▶ [Work item] Write out nothing except the lines running from the one containing "Canonbury industrial lounge" to the last line of the data, exactly as they stand.
### Excerpted data
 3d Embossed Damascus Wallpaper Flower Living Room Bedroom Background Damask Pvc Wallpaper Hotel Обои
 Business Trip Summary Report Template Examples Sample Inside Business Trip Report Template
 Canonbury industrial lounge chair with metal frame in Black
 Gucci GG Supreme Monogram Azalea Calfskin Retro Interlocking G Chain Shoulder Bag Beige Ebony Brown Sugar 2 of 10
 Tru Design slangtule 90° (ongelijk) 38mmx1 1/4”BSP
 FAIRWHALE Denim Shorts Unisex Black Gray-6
######
▶ [Task response]
 Canonbury industrial lounge chair with metal frame in Black
 Gucci GG Supreme Monogram Azalea Calfskin Retro Interlocking G Chain Shoulder Bag Beige Ebony Brown Sugar 2 of 10
 Tru Design slangtule 90° (ongelijk) 38mmx1 1/4”BSP
 FAIRWHALE Denim Shorts Unisex Black Gray-6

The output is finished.